As I return to my mat, I sometimes discover that I have lost some ground in my balancing poses or a bind. While I know I am supposed to be practicing enlightenment, not caring about perfect or wobbling poses, I feel discouraged. Oops! I'm studying to be a yoga teacher. If that is so, I should know what to say to myself and to a student who tells me this.

Teacher, learn your lesson. I've had ample opportunity to learn and practice this lesson the last few months following an injury which took my body time to heal, not my “three weeks and I should be right back to where I was time schedule.” Here are several useful reflections you may choose to use if or when a student tells you he or she is discouraged about their lack of progress or overall yoga practice:

1.) Thank you for honoring me with your truth and feelings. You are accepting the student's situation, no judgment.

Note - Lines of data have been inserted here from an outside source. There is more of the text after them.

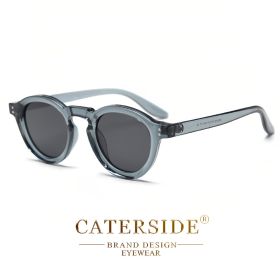 CATERSIDE Round Polarized Sunglasses Men Vintage TR90 Frame High-Quality Sun Glasses for Women Driving Fishing Eyewear UV400 (Lenses Color: C04 Blue Gray, Frame Color: as photo show)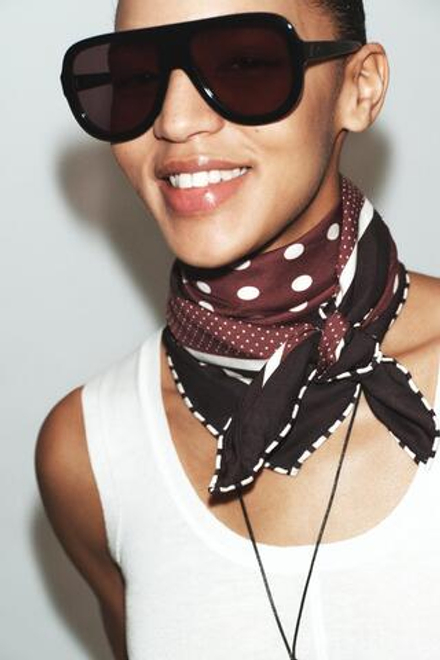 ZARA ПЛАТОК ИЗ ВИСКОЗЫ 100% В ГОРОШЕК, КОРИЧНЕВЫЙ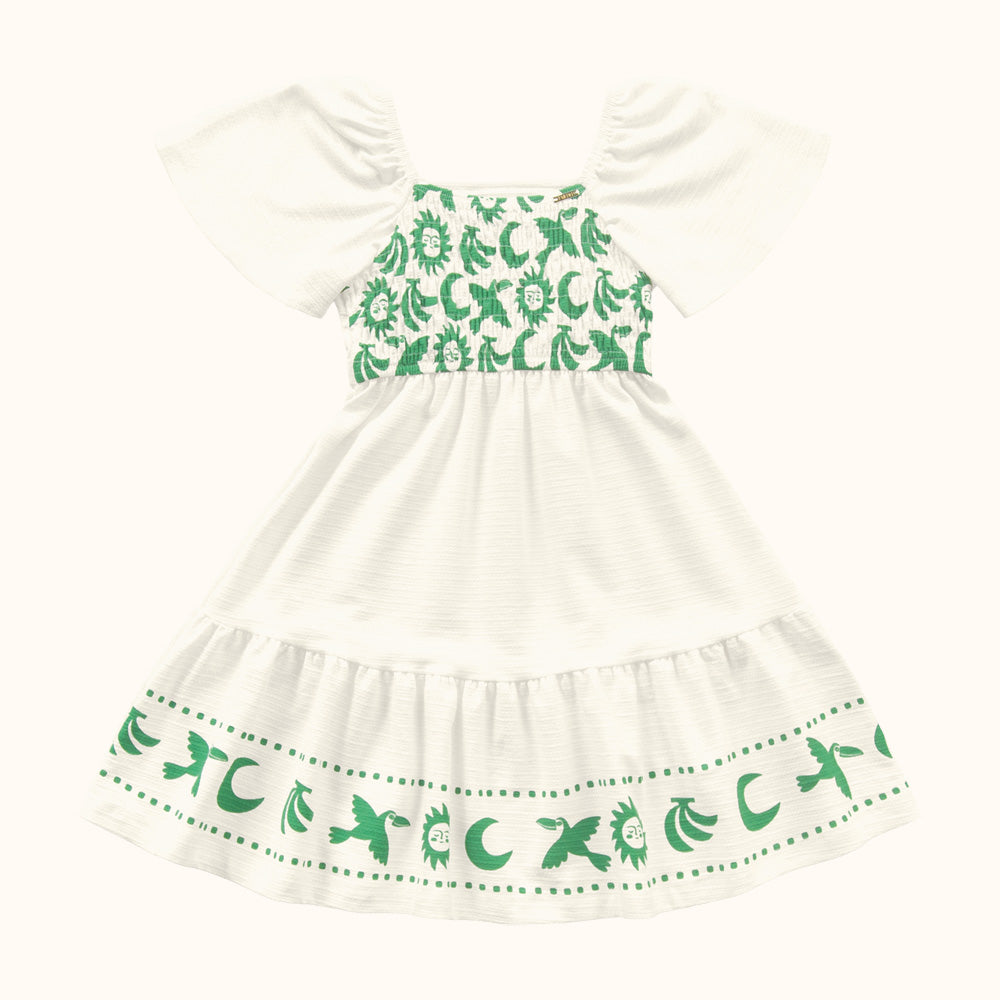 Vestido Infantil Amazônia | Malha Florence Marfim e Verde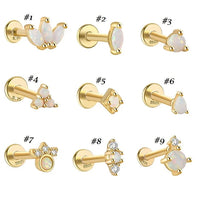Opal Labret Flat Back Piercing Push Pin Earrings | HC002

Simple acceptance with appreciation.

2.) May I mention to you that this is likely a short phase or stage in your yoga growth and practice? I definitely suggest asking if you can go down this line of reasoning. By asking, you allow the student to shape where they need further words or encouragement, rather than saying words which they shut off.

3.) You are continuing with your practice by continuing to come to class. Support the action of coming to class and use the word "practice,” a reminder that yoga is a series of practices, not one big final flow of perfect poses which gets showier every day.

4.) Maybe it's time to mix it up a bit. Have you tried a different class? Instead of hard body flow, how about the vinyasa simple series? Of course, you will use studio etiquette and suggest a different class offered in that studio first.

5.) What other sports or activities are you doing which support or might tire you out? With this information you can guide the student to review his or her own activity and determine what changes might be made to transform the slump or discouragement period.

6.) Are you being too hard on yourself? Do you know that other students modify postures, take breaks, wobble in balancing poses? I do. You may go into this further, suggesting some poses to back out of, hold for half the time or to alternate legs while other students do a series on one leg. Fatigue is different for everyone, and if prevented, a student can remain engaged in class and not get discouraged.

7.) How can I help? Of course this may open a door for complaints, needs, maybe requests. You can listen and decide on what makes sense given the time and relationship with this student.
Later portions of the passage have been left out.